Increasingly Treaty of Waitangi settlements are including a requirement to enter into co-governance arrangements. The Ngāti Hinerangi Claims Settlement Bill, which had its first reading in parliament on 19th September, is one such settlement. The Bill announces the intention to introduce a co-governance arrangement over the upper part of the Waihou and Piako river catchments areas.
The details are not available in the Bill, but co-governance commonly means that there are equal numbers of iwi representatives and council members involved. Therefore, power is shared equally between iwi representatives and the remaining approximately 84% of New Zealanders. How democratic is that? Additionally, they also often fall outside the usual democratic safeguards. Take for example the Waikato River Authority. According to a report released in 2016 by the Office of the Auditor-General.
“The Authority is a unique public entity. It is not subject to the Official Information Act 1982 or the Local Government Official Information and Meetings Act 1987. Trustees do not have to make minutes of their meetings public or publicise where meetings are held, and can hold meetings behind closed doors.”

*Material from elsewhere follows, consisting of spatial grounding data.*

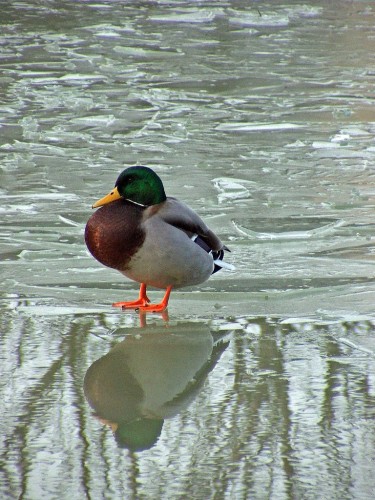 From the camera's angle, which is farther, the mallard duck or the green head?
the green head

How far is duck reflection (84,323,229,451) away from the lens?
10.7 ft

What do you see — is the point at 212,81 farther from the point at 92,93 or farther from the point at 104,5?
the point at 104,5

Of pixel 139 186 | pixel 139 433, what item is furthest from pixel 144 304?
pixel 139 433

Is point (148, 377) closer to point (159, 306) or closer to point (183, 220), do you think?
point (159, 306)

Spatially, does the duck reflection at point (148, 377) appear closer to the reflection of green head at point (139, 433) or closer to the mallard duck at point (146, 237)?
the reflection of green head at point (139, 433)

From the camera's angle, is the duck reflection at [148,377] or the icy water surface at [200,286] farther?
the duck reflection at [148,377]

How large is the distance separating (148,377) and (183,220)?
1.01 meters

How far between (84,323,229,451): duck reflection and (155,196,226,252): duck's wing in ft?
1.54

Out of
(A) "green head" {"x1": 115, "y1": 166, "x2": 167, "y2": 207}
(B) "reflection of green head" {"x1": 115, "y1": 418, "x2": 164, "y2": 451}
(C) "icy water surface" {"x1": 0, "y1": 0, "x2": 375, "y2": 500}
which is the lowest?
(C) "icy water surface" {"x1": 0, "y1": 0, "x2": 375, "y2": 500}

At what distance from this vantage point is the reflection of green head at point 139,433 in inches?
121

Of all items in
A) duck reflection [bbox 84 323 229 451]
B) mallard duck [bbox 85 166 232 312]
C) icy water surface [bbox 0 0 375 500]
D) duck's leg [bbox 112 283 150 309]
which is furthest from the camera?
duck's leg [bbox 112 283 150 309]

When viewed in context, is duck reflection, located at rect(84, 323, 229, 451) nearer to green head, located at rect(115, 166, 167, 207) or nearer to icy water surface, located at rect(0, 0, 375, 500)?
icy water surface, located at rect(0, 0, 375, 500)

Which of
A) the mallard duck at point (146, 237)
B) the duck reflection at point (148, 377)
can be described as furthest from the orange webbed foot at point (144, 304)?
the duck reflection at point (148, 377)

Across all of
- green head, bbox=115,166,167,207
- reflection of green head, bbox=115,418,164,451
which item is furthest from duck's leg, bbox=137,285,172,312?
reflection of green head, bbox=115,418,164,451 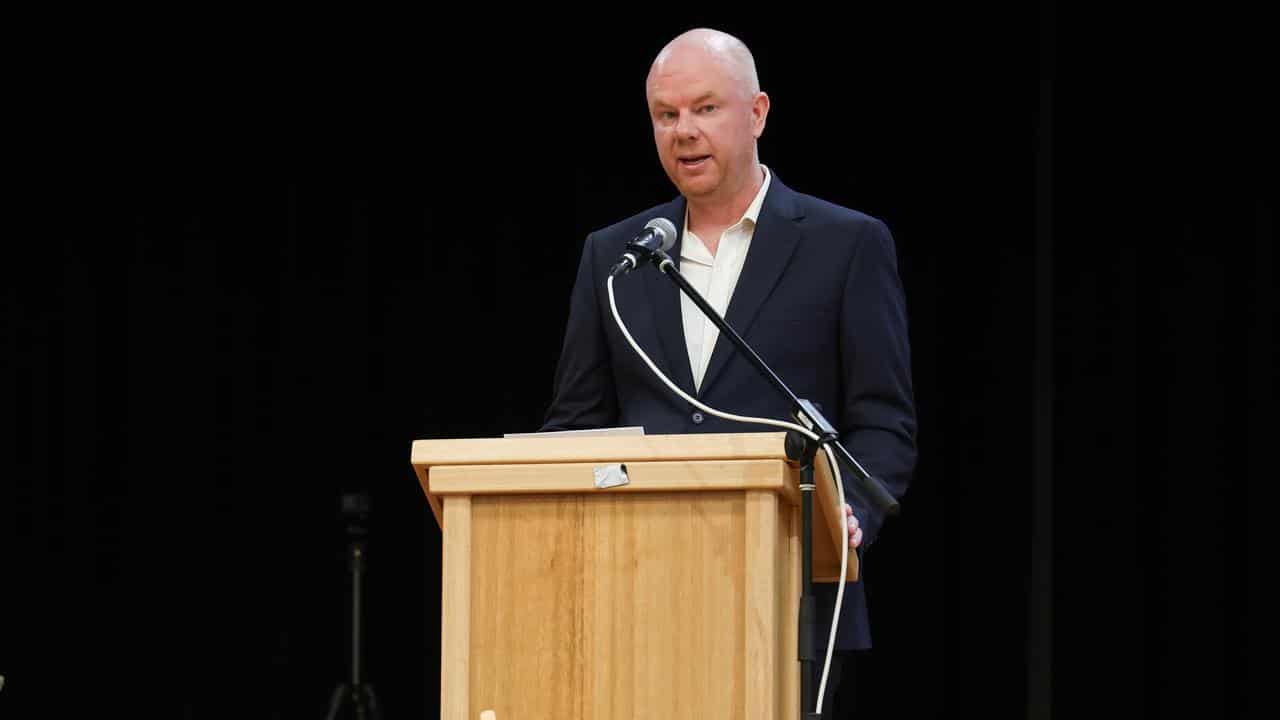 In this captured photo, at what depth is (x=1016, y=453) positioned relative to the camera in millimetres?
4461

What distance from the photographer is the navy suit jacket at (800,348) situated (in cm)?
245

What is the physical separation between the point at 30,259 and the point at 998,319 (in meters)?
2.93

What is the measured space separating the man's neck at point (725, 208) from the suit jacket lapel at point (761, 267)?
0.12 ft

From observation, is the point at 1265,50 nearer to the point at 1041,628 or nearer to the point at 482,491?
the point at 1041,628

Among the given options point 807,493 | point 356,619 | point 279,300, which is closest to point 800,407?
point 807,493

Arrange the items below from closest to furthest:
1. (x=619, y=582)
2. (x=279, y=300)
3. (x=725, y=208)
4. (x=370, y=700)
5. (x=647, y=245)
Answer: (x=619, y=582)
(x=647, y=245)
(x=725, y=208)
(x=370, y=700)
(x=279, y=300)

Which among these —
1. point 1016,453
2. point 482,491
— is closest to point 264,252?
point 1016,453

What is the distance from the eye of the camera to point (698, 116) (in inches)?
99.3

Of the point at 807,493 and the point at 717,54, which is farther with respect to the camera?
the point at 717,54

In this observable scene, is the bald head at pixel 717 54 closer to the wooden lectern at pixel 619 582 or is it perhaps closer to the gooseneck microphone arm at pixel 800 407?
the gooseneck microphone arm at pixel 800 407

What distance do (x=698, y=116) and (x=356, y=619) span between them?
269 cm

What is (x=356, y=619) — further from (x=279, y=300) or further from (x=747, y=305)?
(x=747, y=305)

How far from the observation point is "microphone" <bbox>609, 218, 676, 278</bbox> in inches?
80.7

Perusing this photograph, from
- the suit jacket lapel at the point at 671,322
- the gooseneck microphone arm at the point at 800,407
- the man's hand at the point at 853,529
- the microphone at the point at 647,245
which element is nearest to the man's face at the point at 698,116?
the suit jacket lapel at the point at 671,322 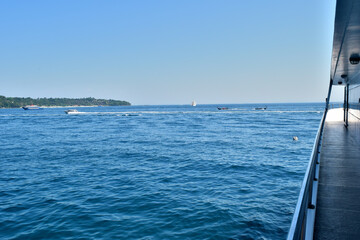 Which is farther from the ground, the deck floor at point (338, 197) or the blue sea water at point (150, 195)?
the deck floor at point (338, 197)

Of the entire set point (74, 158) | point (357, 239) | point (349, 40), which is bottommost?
point (74, 158)

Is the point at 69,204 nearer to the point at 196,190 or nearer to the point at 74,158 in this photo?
the point at 196,190

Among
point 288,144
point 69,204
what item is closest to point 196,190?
point 69,204

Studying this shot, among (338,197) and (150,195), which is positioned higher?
(338,197)

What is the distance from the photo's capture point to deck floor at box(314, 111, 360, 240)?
14.2ft

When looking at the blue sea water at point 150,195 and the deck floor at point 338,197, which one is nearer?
the deck floor at point 338,197

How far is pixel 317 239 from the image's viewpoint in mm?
4035

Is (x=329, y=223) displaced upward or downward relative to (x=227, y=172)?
upward

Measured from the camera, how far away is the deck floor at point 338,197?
4334 mm

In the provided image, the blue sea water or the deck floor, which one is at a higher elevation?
the deck floor

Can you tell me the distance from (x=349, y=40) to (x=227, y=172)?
1188cm

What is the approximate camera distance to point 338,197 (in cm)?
582

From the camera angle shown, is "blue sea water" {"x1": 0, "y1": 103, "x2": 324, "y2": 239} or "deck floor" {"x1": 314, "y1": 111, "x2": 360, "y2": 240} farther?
"blue sea water" {"x1": 0, "y1": 103, "x2": 324, "y2": 239}

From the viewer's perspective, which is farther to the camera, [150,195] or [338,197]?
[150,195] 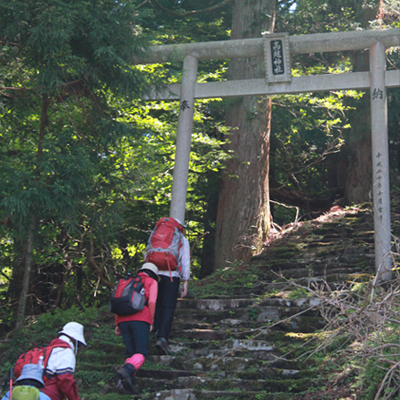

Relationship Agreements - a further manifestation of the ‘partnership principle’
The Deed of Settlement also provides for Ngāti Hinerangi to enter into relationship agreements with the Department of Conservation and Ministry for the Environment. The relationship agreements will outline how these agencies will engage with the Ngāti Hinerangi governance entity. Additionally, the summary of the Deed of Settlement also states that a relationship agreement with the New Zealand Transport Agency will be developed outside of the Treaty settlement. This will outline how NZTA will interact with the Ngāti Hinerangi governance entity.
Relationship Agreements are high-level documents that formally acknowledge and identify the scope and extent of understandings and/or working relationships between a local body or a government entity and a specific tangata whenua group. They provide an opportunity for Māori to contribute to the decision-making processes.